B. Le maintien du lien malgré les tensions

À l’inverse, certaines décisions confirment le maintien des relations, même dans un contexte familial difficile :

  • Cass. civ. 1, 15 février 2023, n°21-18.498 : La Cour a validé un droit de correspondance et d’accueil pour des grands-parents paternels, afin d’éviter une rupture irrémédiable avec leur lignée paternelle, malgré l’absence de relation entre la mère et ses beaux-parents.
  • Cour d’appel de Bordeaux, 6 octobre 2015 (n°14/01158) : Les juges ont estimé qu’aucun motif grave ne justifiait de priver deux enfants de leurs grands-parents paternels, malgré la distance géographique. Ils ont fixé un droit de visite progressif (un samedi par mois en point rencontre, puis un week-end par mois au domicile des grands-parents, ainsi que des vacances scolaires).
  • Un litige successoral entre la mère et les grands-parents n’est pas suffisant pour couper tout contact, surtout si des liens affectifs anciens et suivis existent (Cour d’appel de Bordeaux, 27 mai 2014, n°RG 13/05106)

3. La procédure pour maintenir ou établir le lien

A. Comment saisir le juge ?

La demande se fait par assignation, devant le Tribunal judiciaire (ex-TGI) du domicile de l’enfant. La procédure est écrite et l’avocat est obligatoire :

  • Représentation par un avocat pour saisir le juge aux affaires familiales (JAF).
  • Le Ministère public (Procureur de la République) doit être informé et donner son avis (articles 425 et 1180 du Code de procédure civile).

B. Quels éléments prouver ?

Pour convaincre le juge, il faut démontrer :

  1. L’existence (ou la possibilité de créer) de liens affectifs avec l’enfant.
  2. Le bénéfice pour l’enfant de cette relation.
  3. La capacité des grands-parents à accueillir et s’occuper de l’enfant dans de bonnes conditions.

Attention : Si les relations n’ont jamais existé et que le conflit avec les parents est particulièrement intense, obtenir un droit de visite sera plus difficile.


4. Une décision toujours prise au cas par cas

Les juges du fond sont souverains : chaque dossier est analysé en fonction de la situation familiale, du degré de tension et de l’ampleur du conflit.

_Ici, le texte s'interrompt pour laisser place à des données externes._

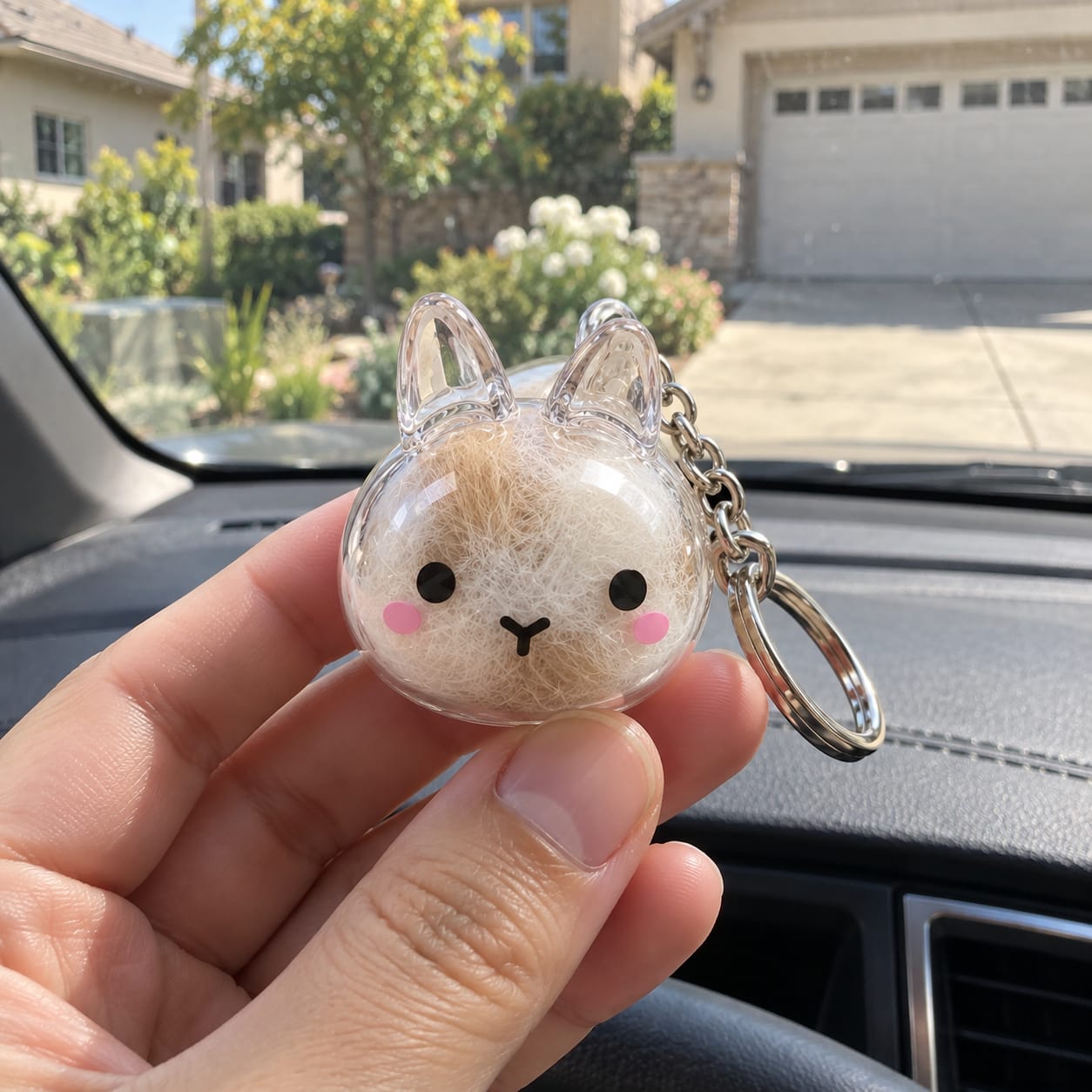 Customer photo review of Keepsake Keychain That Holds Your Bunny's Fur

Aucun droit automatique n’existe pour les grands-parents, mais l’enfant a le droit de maintenir un lien avec ses ascendants si cela sert son intérêt.


En résumé

  • Les grands-parents n’ont pas de droit automatique à voir leurs petits-enfants, mais l’enfant a le droit d’entretenir des relations avec ses ascendants.
  • La clé devant le juge : prouver que le lien est dans l’intérêt de l’enfant.
  • La procédure est judiciaire, avec avocat obligatoire et intervention du Ministère public.